Sales on the High Street are growing at their fastest for two years with consumers caught up in a ‘spend now, pay later’ boom. At the same time, sales via the Internet and mail order are 15.7 per cent up on a year ago, the highest annual growth rate recorded. Warmer weather and a case of football fever are thought to have played a large part in the spending spree. It is being financed by a massive increase in personal debt, expected to top £1trillion this summer.
The figures will alarm the Bank of England, which has raised interest rates by a full 1 per cent in the last seven months to head off this type of over-heating of the economy. The City believes further substantial interest rates are likely. The spending frenzy appears to be driven by a booming housing market, which has made those who own a property feel much more-wealthy. At the same time, relatively low unemployment and interest rates have -seen families and workers take the gamble of running up huge credit card debts, overdrafts and bank loans.

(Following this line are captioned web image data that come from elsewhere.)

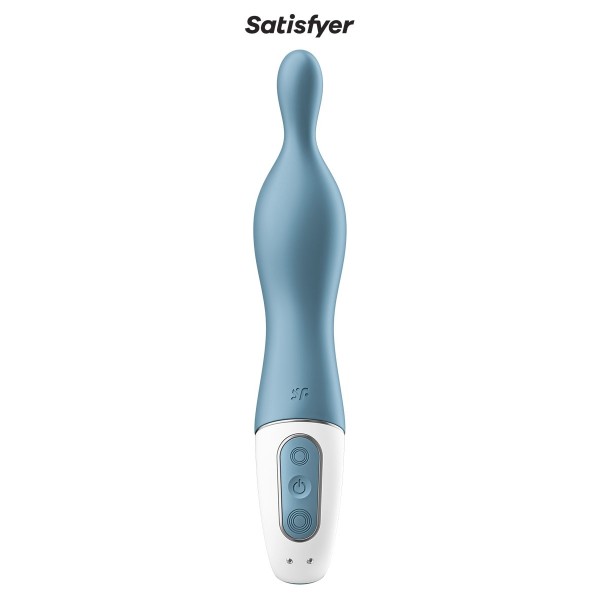 Vibromasseur A-Mazing 1 Bleu - Satisfyer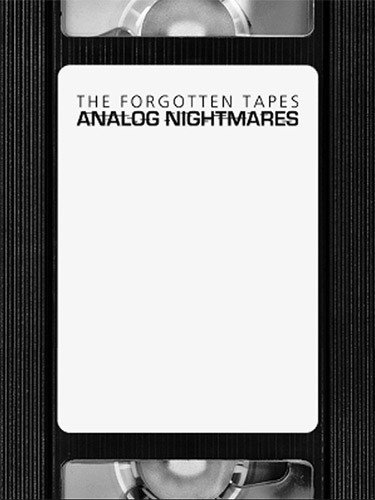 The Forgotten Tapes: Analog Nightmares-HohohoGames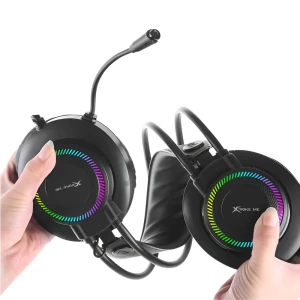 Xtrike me headset wired gaming gh-509 Thumbnail 3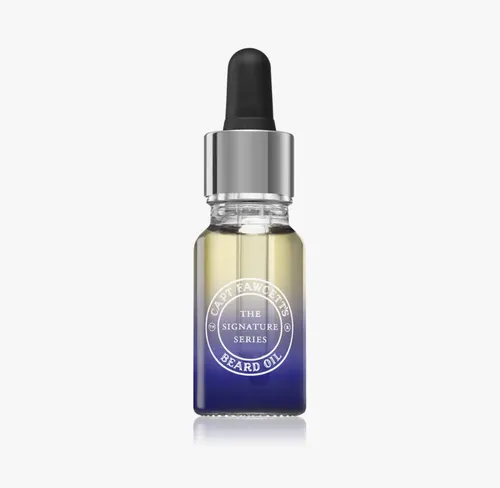 Captain Fawcett John Petrucci's Nebula, Beard Oil (Olejek do brody)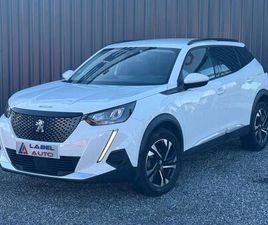 PEUGEOT 2008 1.2 PURETECH 130CH S&S ALLURE EAT8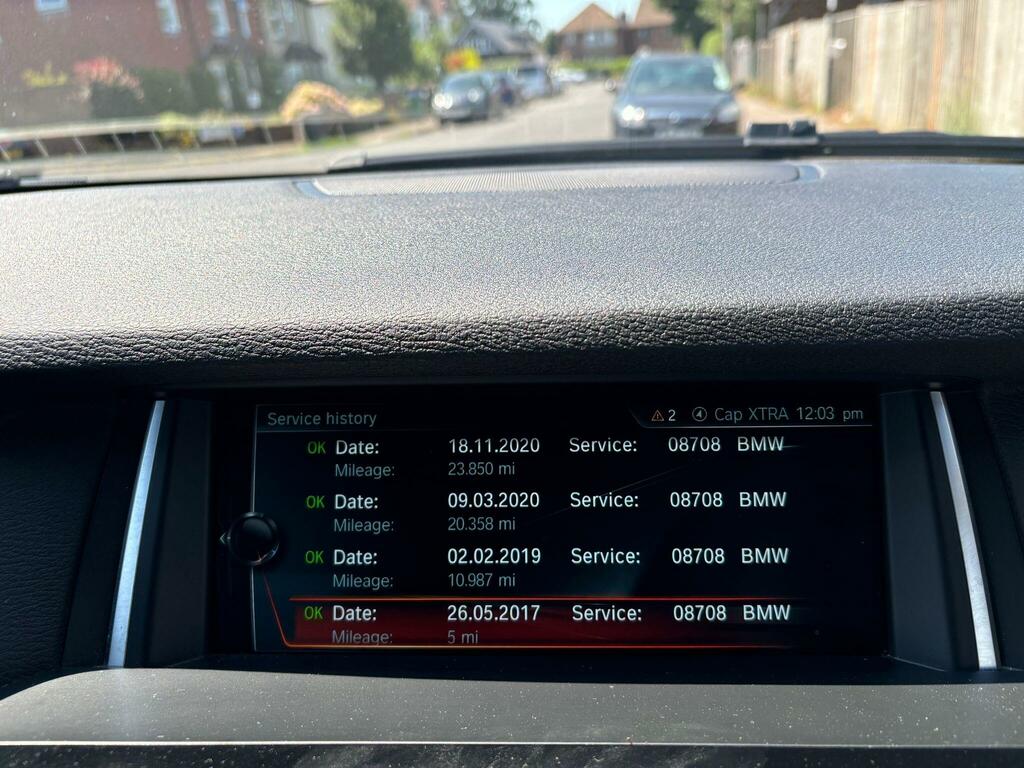 BMW X4 M Xdrive20d M Sport Black #20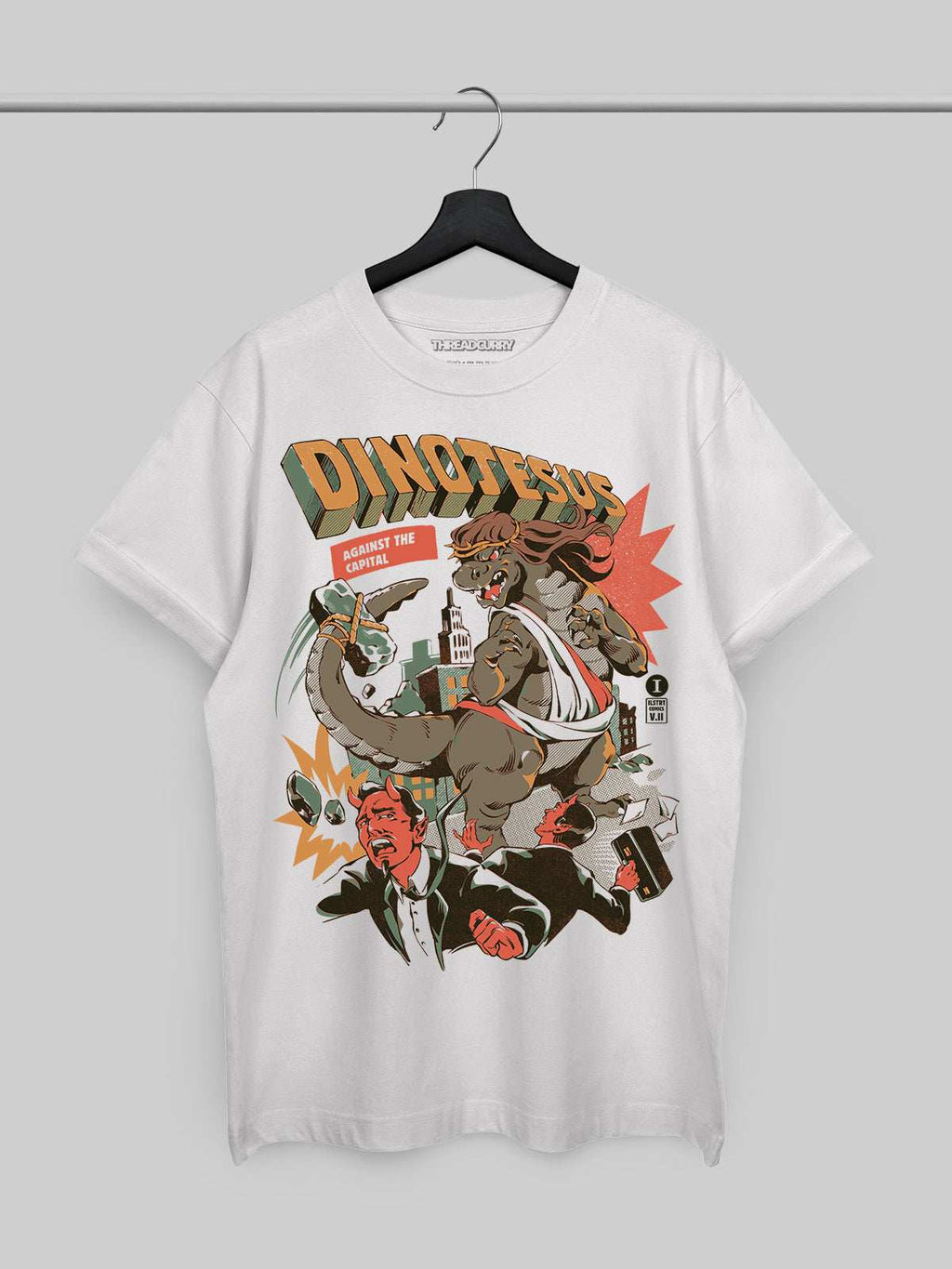 Dinojesus Tshirt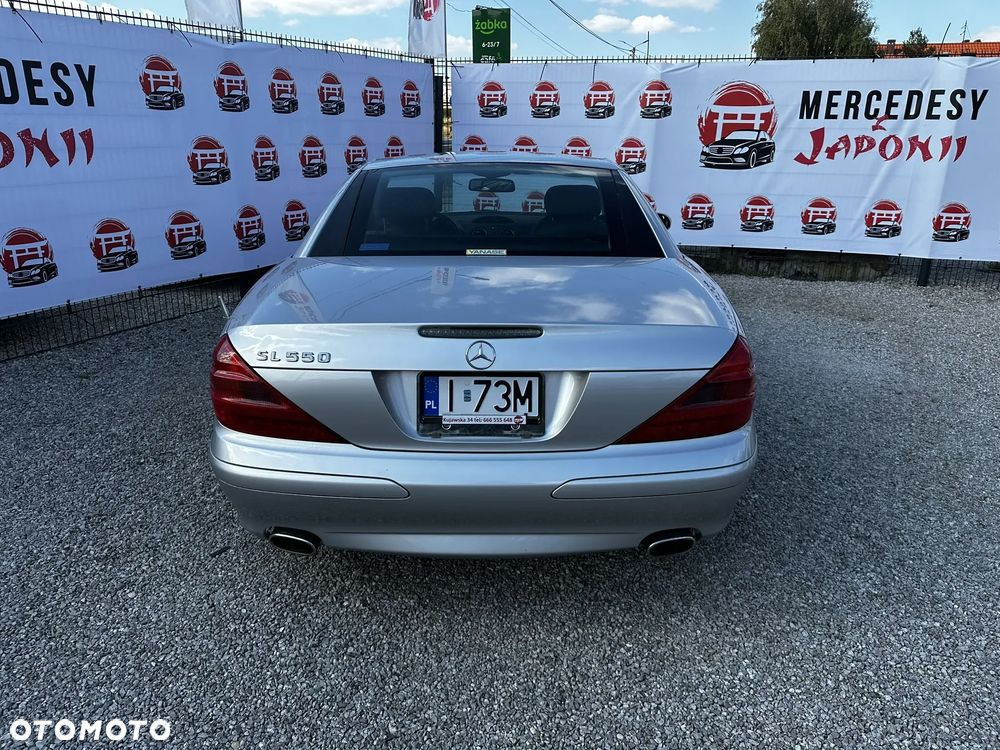 Mercedes-Benz SL 350 Automatik - 13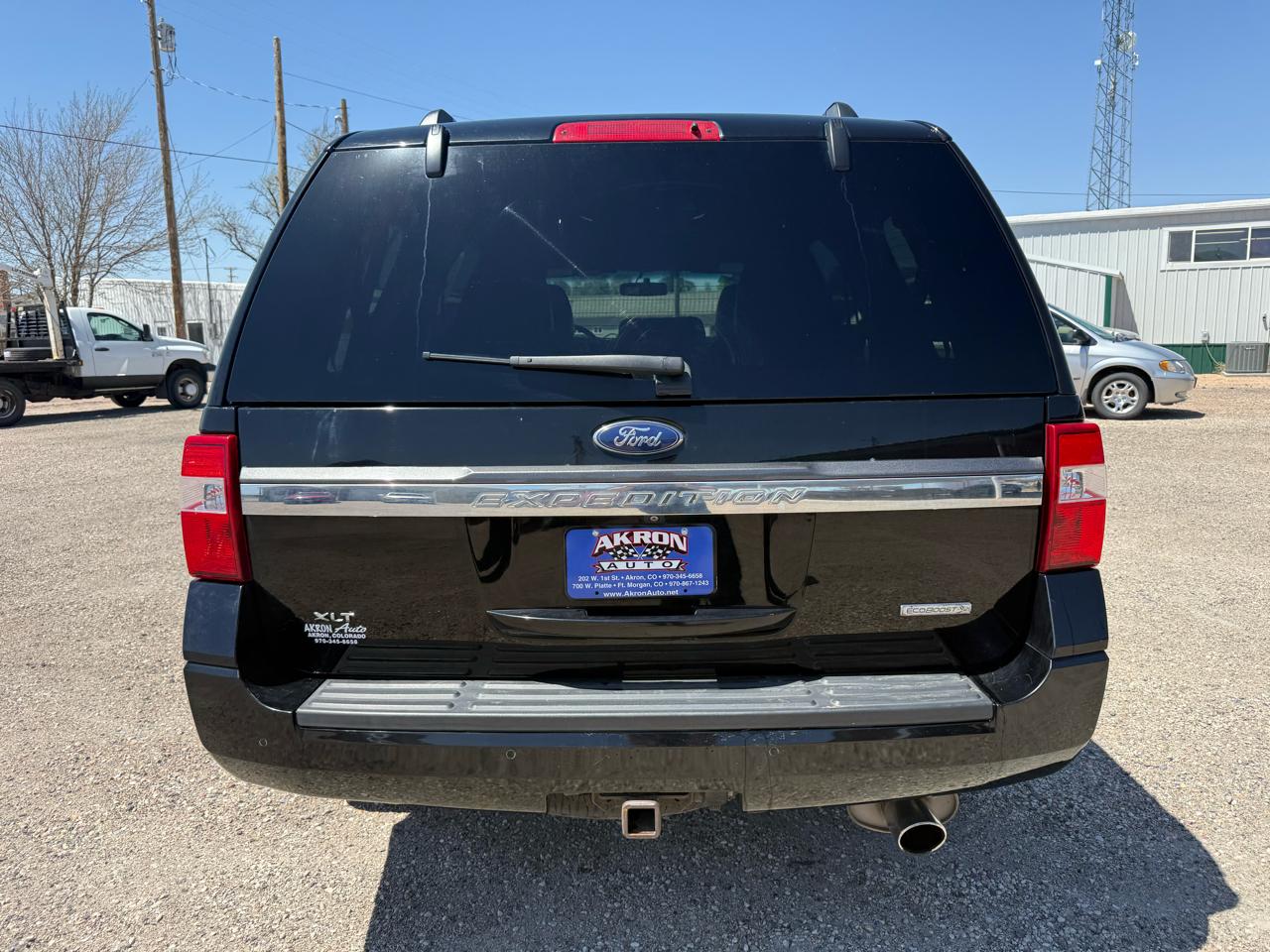 Ford Expedition XLT 4WD 2016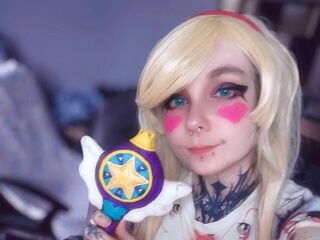 cam chat MilanaStrafer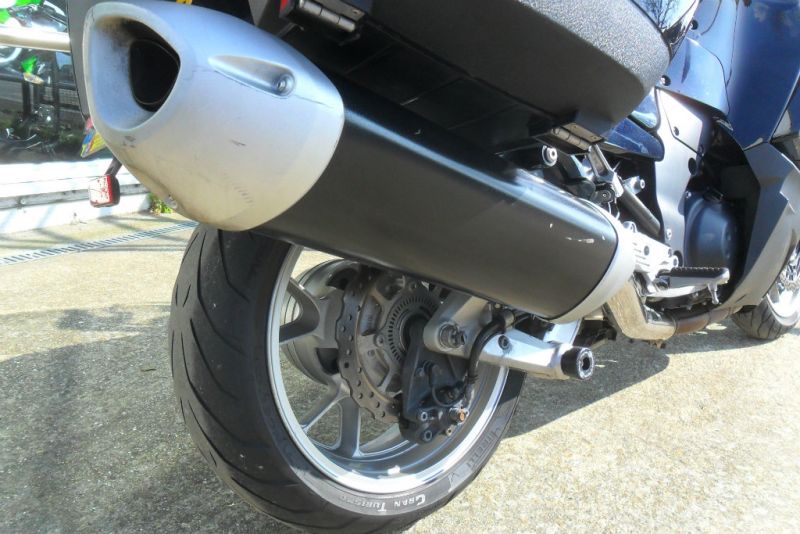 2008 Kawasaki GTR1400 image 5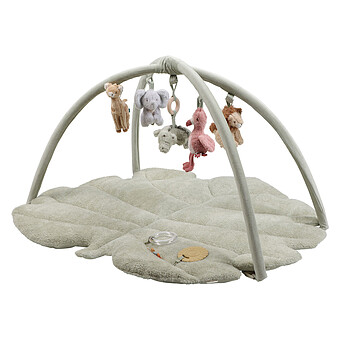 Tapis d'Activités - Safari Friends
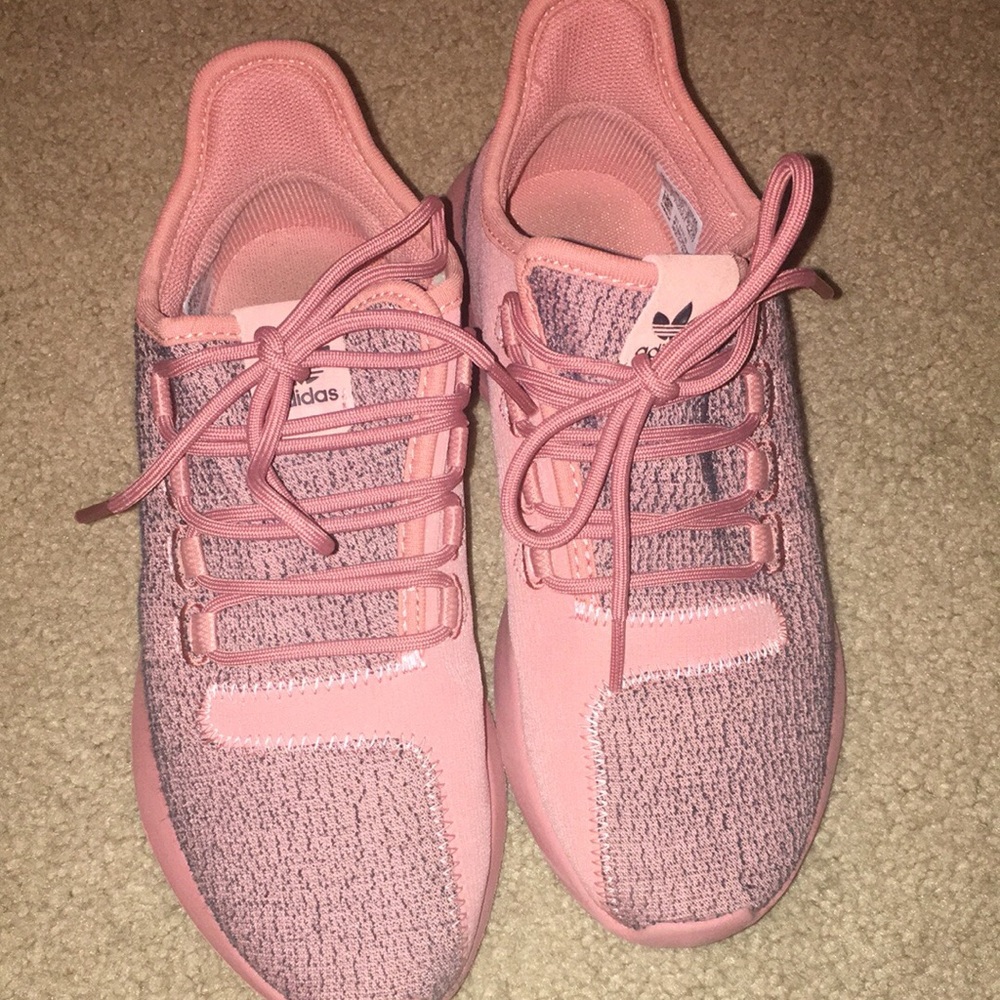 adidas tubular shadow pink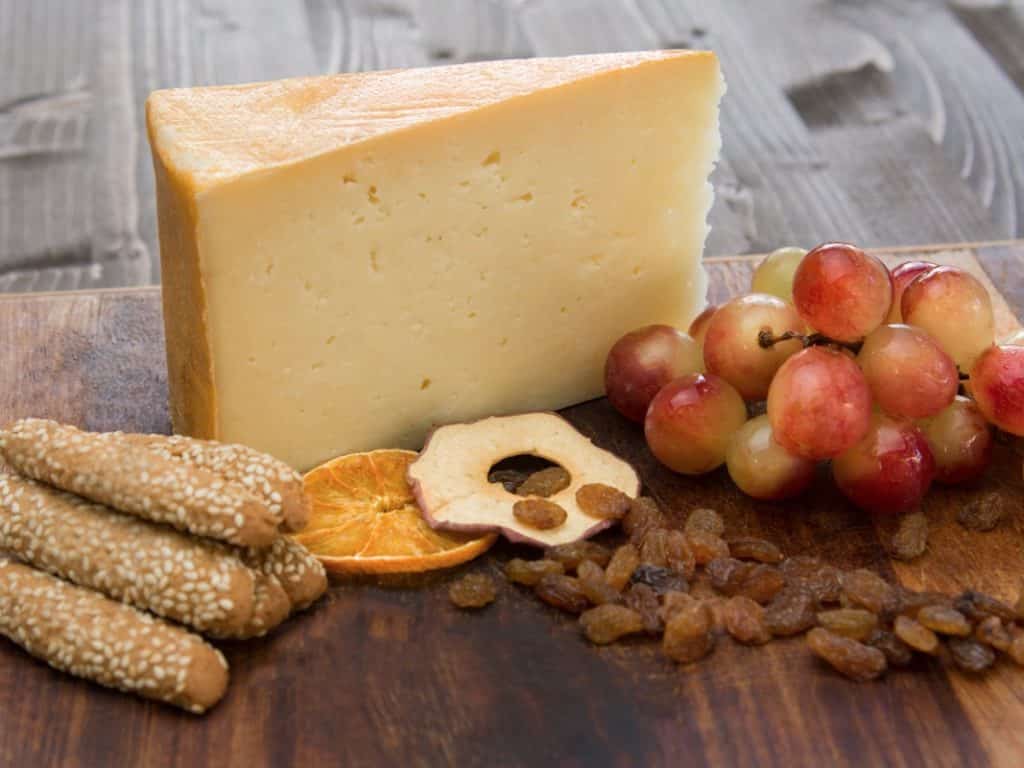 San Michali Cheese Syros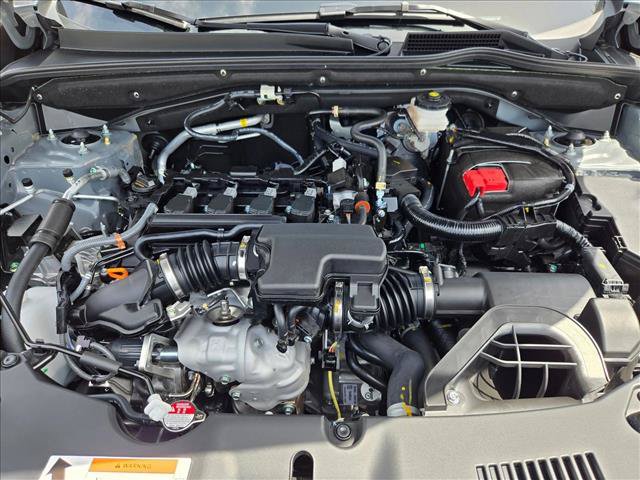 New 2026 Acura ADX A-Spec FWD image 16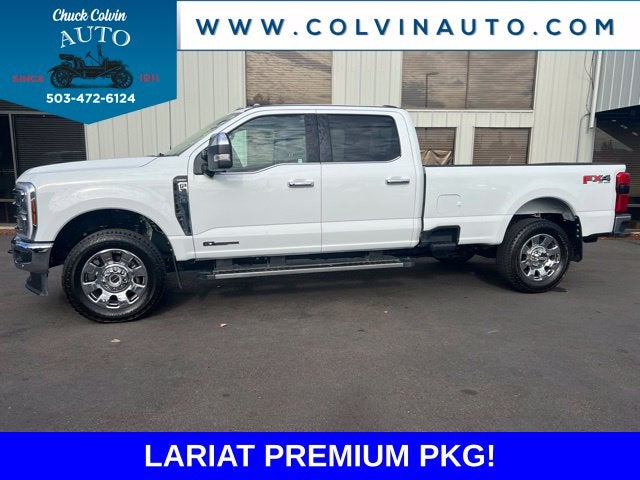 2026 Ford F-350SD LARIAT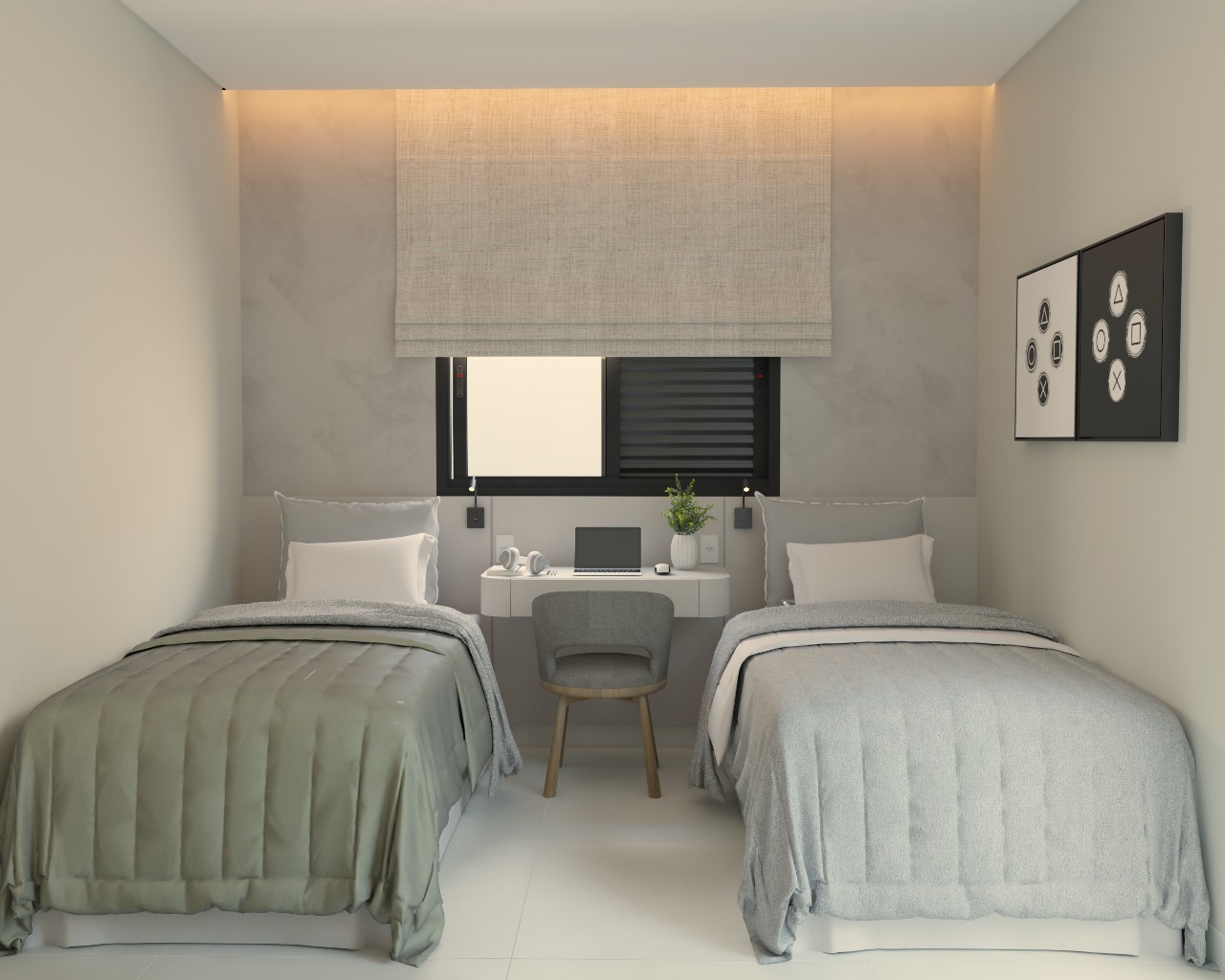 Casa em Condomínio à venda no Condomínio Residencial Terraville:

Figures from the Office of National Statistics show sales of clothing and footwear took off as May’s warm weather saw women, in particular, spend a small fortune. Garden centres and DIY stores reported strong sales of garden furniture and plants, again driven by warmer weather and the popularity of TV makeover shows. Shoppers were also keen to splurge on barbecue equipment and garden furniture as they prepared to entertain friends during the Euro 2004 football coverage. Sports shops reported increased clothing sales as more Britons try outdoor pursuits – from running to canoeing, rock climbing to cycling. Sales of replica England shirts and merchandise will also have driven up sales.
The increase in shopping on the Web is particularly startling. Many consumers now buy expensive equipment such as American-style refrigerators and plasma screen televisions via the Internet. The total value of retail sales in May was a staggering £18.5billion, according to the ONS figures. That equates to average weekly sales of £4.6billion, 7.1 per cent or around £300mlllion higher than the same month in 2003.
The Bank of England’s Monetary Policy Committee has admitted alarm about the over-heating of the economy, demonstrated by rising house prices, high street sales and a surge in manufacturing orders and output. It fears this will bring an increase in store prices, so driving up inflation which will, in turn, see workers demanding big pay rises. It had hoped interest rate rises in recent months would have curtailed spending, giving stores less of an opportunity to push up prices. Given that a succession of four quarter point rises in the base rate, taking it up to 4.5 per cent, appear to have had little effect, it appears more substantial rate rises are likely. Howard Archer, an economist at Global Insight, said: ‘The surge in retail sales in May, despite an interest rate hike early in the month, highlights how unperturbed consumers were by the Bank of England’s gradualist approach to raising interest rates.